What Are You Worshipping? Learning to Fill the Void
I stared at the blank screen. I wondered if anything would ever appear. My mind was just empty. No words, no insight, no creativity. There was a void. And who even knows how to fill a void on their own? I know I sure don’t. I guess the good part is everyone learns as they go; we all start from that level playing field.
I came home from a four-day weekend retreat on a Sunday afternoon. The weather had done so much that weekend—warm and sunny on Thursday as I headed out to the retreat center, then snowy and gray on Saturday. By Sunday afternoon, though, things were sunny and brisk, hinting spring may be coming! (But this is Indiana, so weather is a lie!)

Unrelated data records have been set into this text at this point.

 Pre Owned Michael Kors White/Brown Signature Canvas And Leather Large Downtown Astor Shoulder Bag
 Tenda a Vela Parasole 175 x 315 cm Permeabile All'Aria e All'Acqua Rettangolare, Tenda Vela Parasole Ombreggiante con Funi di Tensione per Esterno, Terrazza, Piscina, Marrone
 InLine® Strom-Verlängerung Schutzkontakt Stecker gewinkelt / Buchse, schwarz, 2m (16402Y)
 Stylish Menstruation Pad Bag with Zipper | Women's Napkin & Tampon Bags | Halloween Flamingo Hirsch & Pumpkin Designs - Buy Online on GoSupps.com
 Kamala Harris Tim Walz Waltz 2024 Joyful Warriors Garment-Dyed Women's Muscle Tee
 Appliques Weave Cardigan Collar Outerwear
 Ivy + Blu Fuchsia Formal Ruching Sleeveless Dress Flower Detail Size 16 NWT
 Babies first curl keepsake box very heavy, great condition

As I packed up the car to come home from my weekend with God, I remember feeling excited to have a long drive on a sunny day. I would listen to music and enjoy my last moments of solitude. Sometimes, as a mom of three boys, the quiet beckons, when no one is saying “Mom!” or asking for a snack. But by that Sunday, the world had shifted on the axis, and things were falling apart and unraveling. Instead of quiet time in the car, my husband explained how things had drastically changed within the four days I had missed out on a strong Wi-Fi signal and streaming news.

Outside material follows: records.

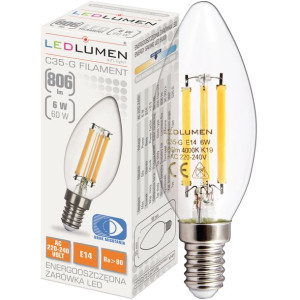 Żarówka LED E14 ŚWIECZKA 6W=60W Filament 806lm Neutralna LEDLUMEN
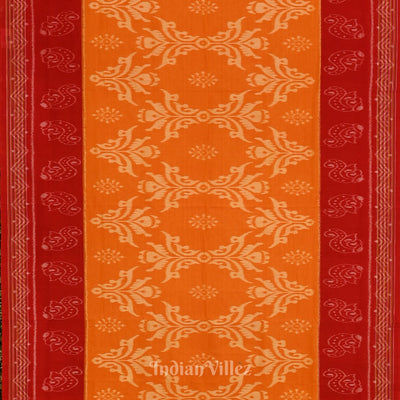 Mustard Yellow with Red Theme Odisha  Sambalpuri Pure Cotton Saree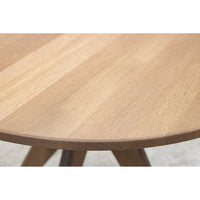 Mid Century Modern White Oak Wood Round Dining Table | WB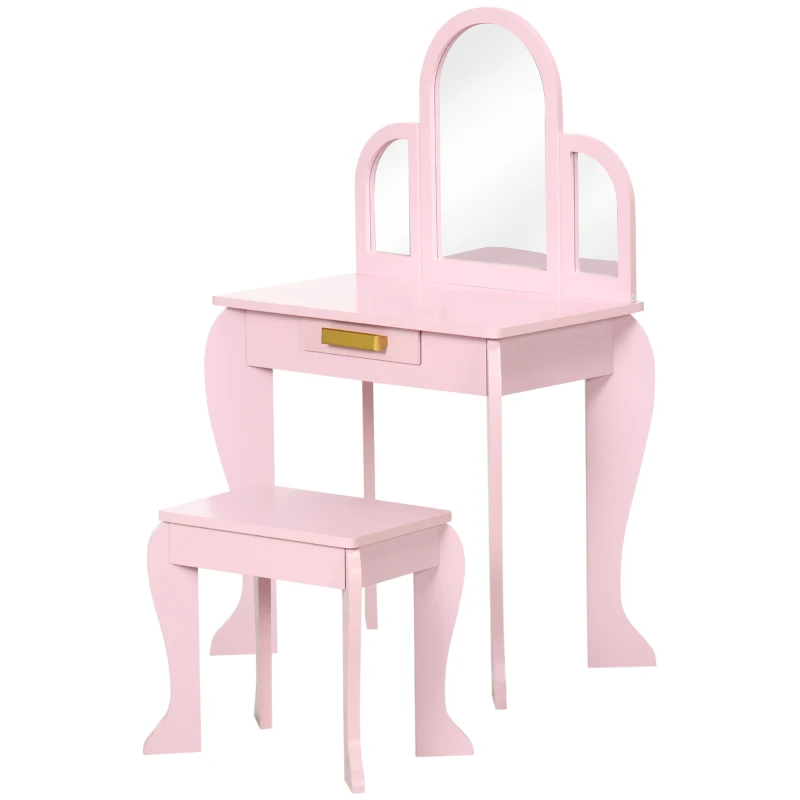 HOMCOM Kids Dressing Table Set, with Mirror and Drawer - Pink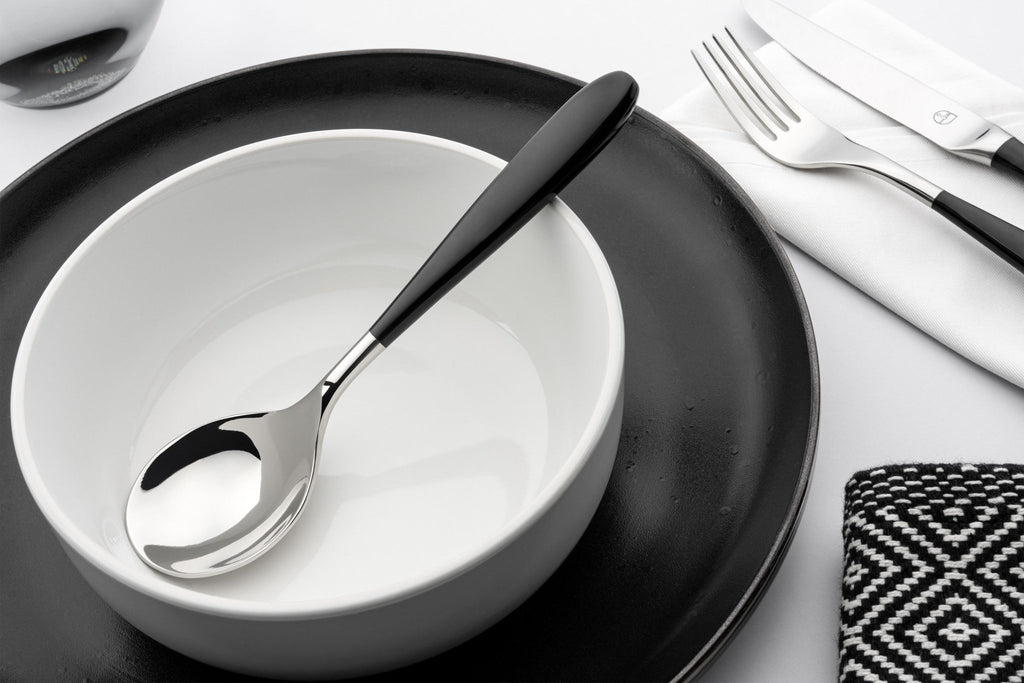 44 Piece Cutlery Set for 6 People Yin & Yang Black 44BX650BK-IGLC Grunwerg Modern stainless steel soup spoon cutlery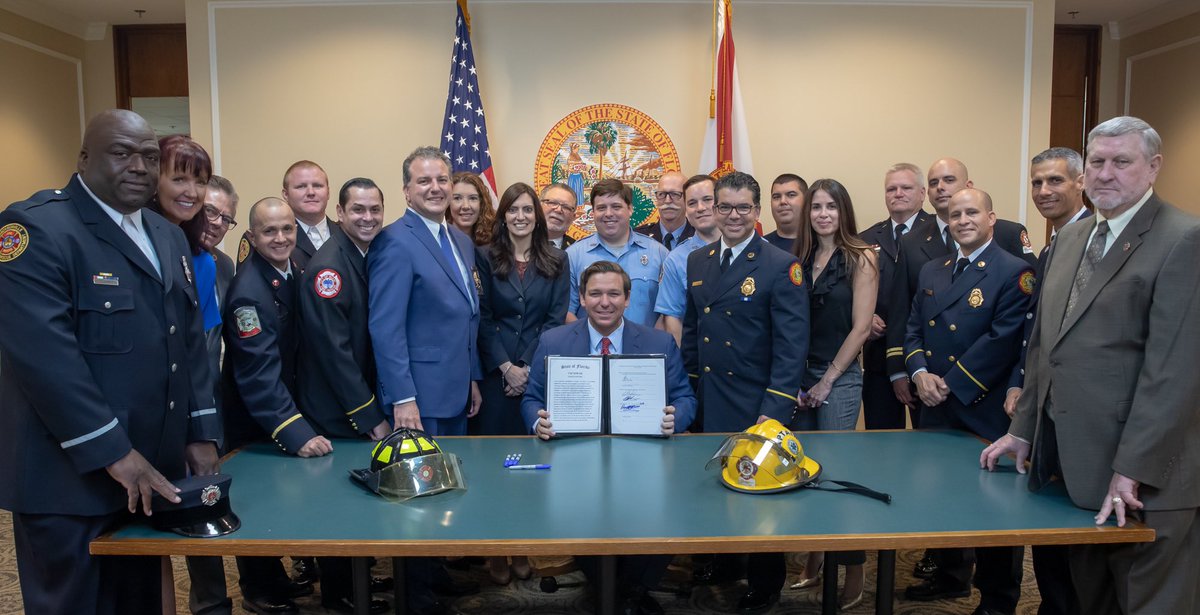 We want to express our sincerest thanks to <a href="/GovRonDeSantis/">Ron DeSantis</a> <a href="/JimmyPatronis/">Jimmy Patronis</a> &amp; the Firefighter Cancer Support Network for all their hard work and support in passing this tremendous Cancer Benefits bill, a landmark victory for firefighters across our Great State! - Photo Credit: GPO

My kids would now be out of school. I just turned into a homeschool mom. The officials were telling us to hunker down at home and not go out unless we needed to. Suddenly, my husband was working from home. My salon shut down. Everything I knew about my life flipped. I felt like my career was ripped from me, and I was in a free fall.

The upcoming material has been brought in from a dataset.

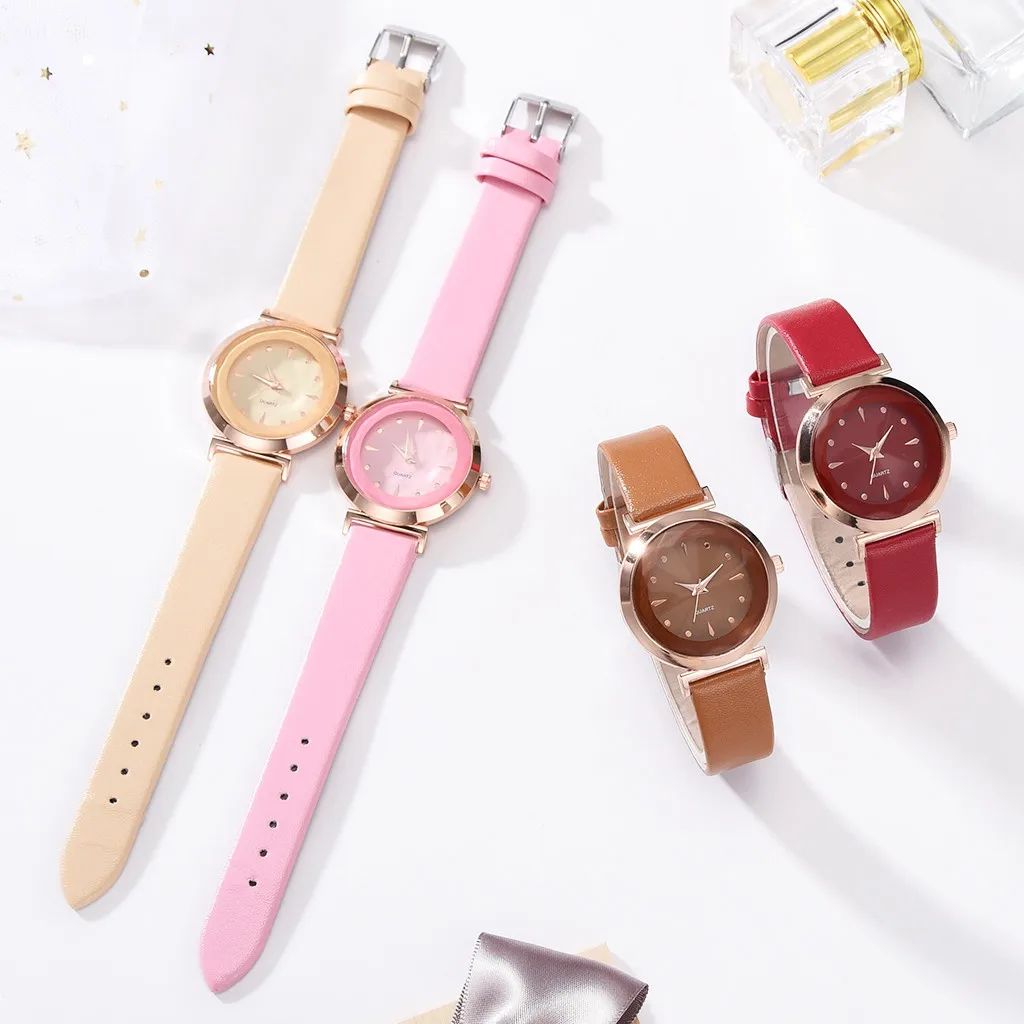 Новые модные простые женские многоцветные кожаные часы с ремешком женские кварцевые часы женские часы нарядные часы украшения для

I sat and stared at a blank screen in front of me. I couldn’t watch the news; I couldn’t find the words to write; I couldn’t even get paint on a blank canvas. I was broken, and when I break, I cannot create.
But through the loud volume of the world’s problems and my own, I heard a familiar whisper. God said, very gently, “What are you worshipping?”
It hit like a brick.
What am I worshipping? You, Lord. Right…?
1 Kings 19:11-12 (NIV) says, “The Lord said, ‘Go out and stand on the mountain in the presence of the Lord, for the Lord is about to pass by.’ Then a great and powerful wind tore the mountains apart and shattered the rocks before the Lord, but the Lord was not in the wind. After the wind there was an earthquake, but the Lord was not in the earthquake. After the earthquake came a fire, but the Lord was not in the fire. And after the fire came a gentle whisper.”
I have been through enough fires, winds and earthquakes to decipher God’s loving whisper. And our world is in the midst of the fires, winds and earthquakes. Are we listening to those, or are we listening to that gentle breeze, the Holy Breath, the Ruach?
As God asked me what I was worshipping, I realized it was all of the other things instead of His voice.
It was the fires, the winds and the earthquakes—the things that just pass me by. It was my career and the money and security it provides. It was my time—that my kids go to school and I get time to grocery shop and get my nails done. It was my happiness I was worshipping, not my inner joy and peace that can only be of God. I was surely so far from this very moment. I was so consumed with what could or should, but not what IS. Yes, God is behind us and ahead of us, but he is in the very midst of this moment.
These moments are nudging me to choose what I can to better myself, to become less of what I think I am and more of what God calls me to be. In a sweet moment today, I chose to go for a walk and listen to worship music. God blessed me with a song called “The Blessing.” I had heard it before but never how God wanted me to hear it this morning. I pray someone else may hear what God has to say to them through that song—through beautiful moments in choosing God’s whisper over the fires, winds and earthquakes.